Avenue Montaigne, à Paris, Fanny Fournier (née Moreau) croise un ancien camarade de lycée, qui lui avoue tout de go qu’il était alors fou d’elle. Il est à présent écrivain, et invite la femme mariée à déjeuner. Cette dernière va-t-elle rester fidèle à son riche mari amateur de trains électriques, ou céder au charme bohème de l’artiste? Poser la question, c’est déjà y répondre…

Woody Allen sort son cinquantième film en salle et on est en droit de se demander ce que le cinéaste a de nouveau à nous raconter; lui-même en a conscience, et joue avec nous - ses spectateurs, admirateurs ou détracteurs - de ce ronronnement attendu ou redouté. De fait, bien que ce film soit tourné à Paris et interprété dans la langue de Molière, tous les repères habituels sont là: des personnages appartenant à la bourgeoisie intellectuelle et artistique, les chassés-croisés amoureux entre la femme, le mari et l’amant - ce dernier étant un écrivain à l’amour-propre compliqué, au pantalon de velours côtelé trop large et aux réparties amusantes et philosophiques, que l’on retrouve dans presque tous ses films. Les personnages ont changé de langue, mais continuent à parler le langage de Woody Allen: tout leur passé est à New York, et il est fait référence à Gatsby le Magnifique dès les cinq premières minutes.

Bref, ici Paris n’est qu’un décor, un décor assumé de carte postale, tout aussi artificielle, mais plus honnête d’une certaine façon que dans Emily In Paris: Woody Allen n’essaie même pas de faire croire que la vie parisienne consiste effectivement à porter des cols Claudine, de manger des jambons beurre aux Tuileries ou de se rencontrer au Café de L’Epoque comme le fait son héroïne.

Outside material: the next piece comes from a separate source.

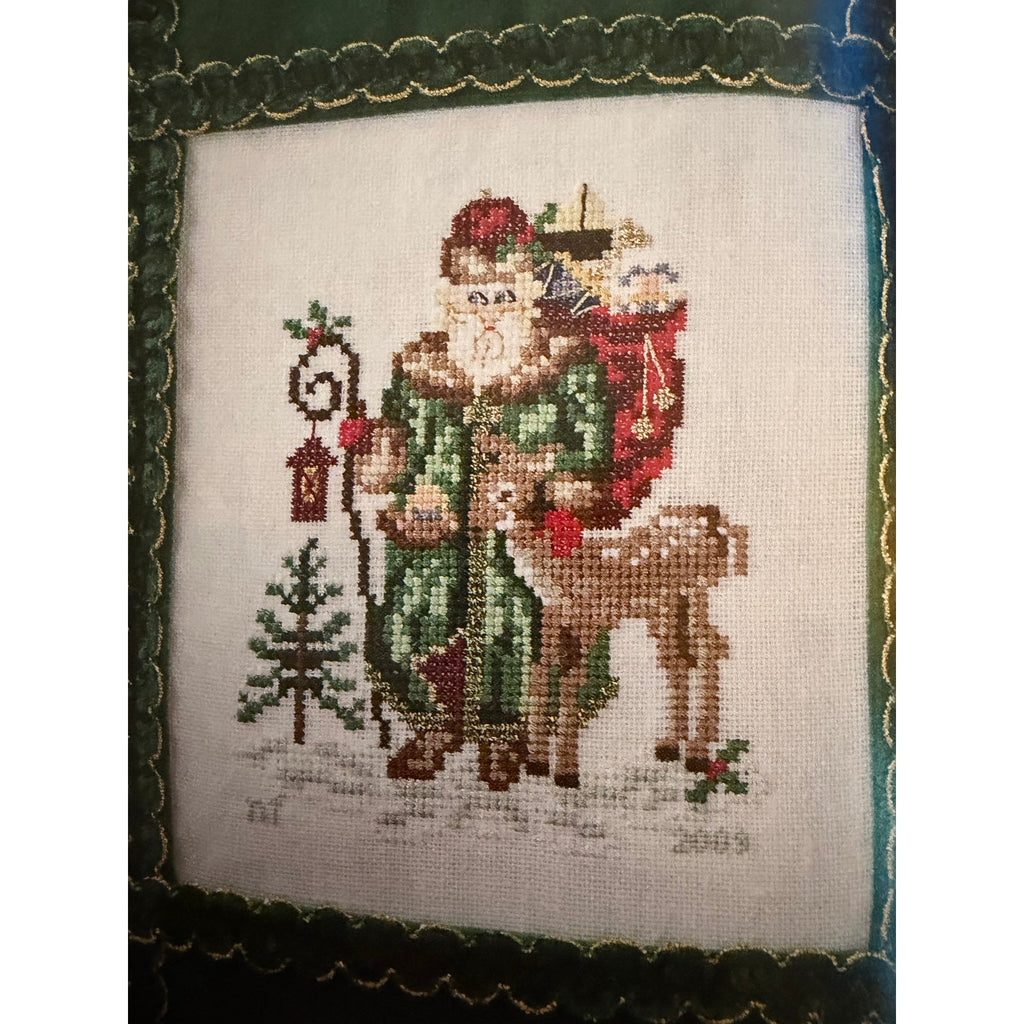 Just CrossStitch Christmas 2009 Magazine Gingerbread Santa Holiday Patterns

Ce sont des clichés sans importance; ce n’est qu’une façade - et Vittorio Storaro photographie avec complaisance beaucoup de façades typiquement haussmanniennes dans Coup de chance, qui donnent au choix sur des appartements invraisemblablement vastes, des bureaux de détective privé ou des soupentes à tomettes (appartement de l’écrivain, vous l’aurez deviné) - porteuse de références chères à l’auteur. Le cinéaste s’est fait plaisir en filmant Paris et ne se cache pas de vouloir montrer la ville telle qu’il la voit - à 87 ans, on ne lui en voudra pas.

En d’autres termes, non, Woody Allen ne se renouvelle pas, et la vérité est qu’il s’en soucie guère. On a crié à la réinvention du cinéaste en 2005 lors de la sortie de Match Point, mais c’était oublier que le film était un remake à peine masqué de Crimes et délits (1989).

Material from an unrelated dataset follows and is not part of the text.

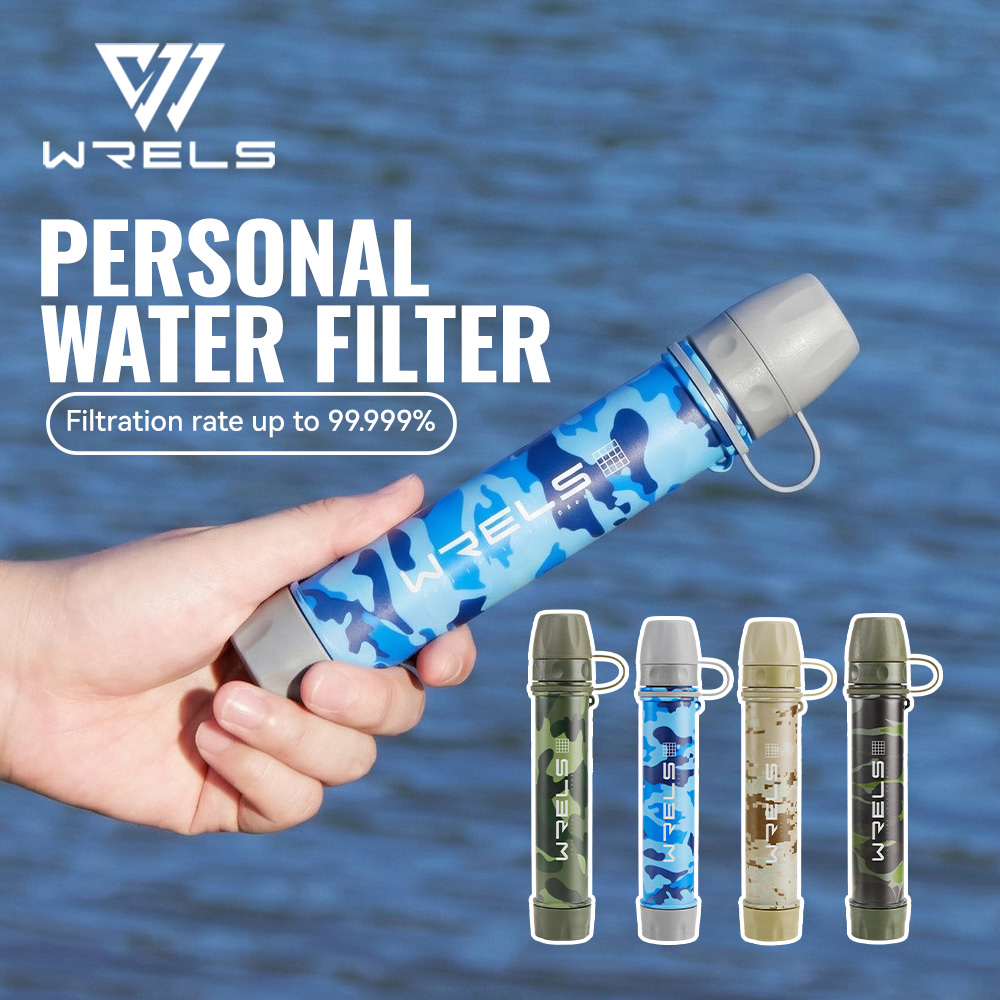 WRELS Camping Outdoor Water Pu - Water Purification Straw recension och pris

Coup de chance est du même ressort, mais Woody Allen joue de façon vicieuse sur ce ressort: dès le générique, avec la police employée en blanc sur fond noir, les situations, le phrasé des personnages, on est en terrain familier. Tout est cousu de fil blanc. Et puis, au milieu du film, il y a la rupture de ton, suffisamment brutale pour que l’on passe les 3/4 d’heure d’après à se demander comment tout cela va finir: tout était jusque-là, en somme, trop familier, ronronnait trop, et le cinéaste de nous démontrer que, loin d’être gâteux, il sait trancher dans le vif et nous emmener où bon lui semble jusqu’à la dernière minute, sans que l’on soit capable de prédire comment il va conclure.

Et pourtant, lorsque les lumières s’éteignent, on ne peut s’empêcher de se dire avec ce sentiment mêlé de déjà-vu: c’est bien du Woody Allen. Coup de chance n’est pas une comédie romantique, c’est un film à suspense déguisé en vaudeville, avec une entraînante bande-son jazzy qui opère un contrepoint faisant ressortir la cruauté de l’intrigue, façon Anton Karas dans Le Troisième homme. Ce cinquantième film est en somme, à l’échelle de la filmographie de Woody Allen, à l’image de cette bande-son répétitive et jazzy: des variations sur un même thème. Non seulement le cinéaste ne prétend à rien d’autre, mais il le fait avec une maîtrise indiscutable.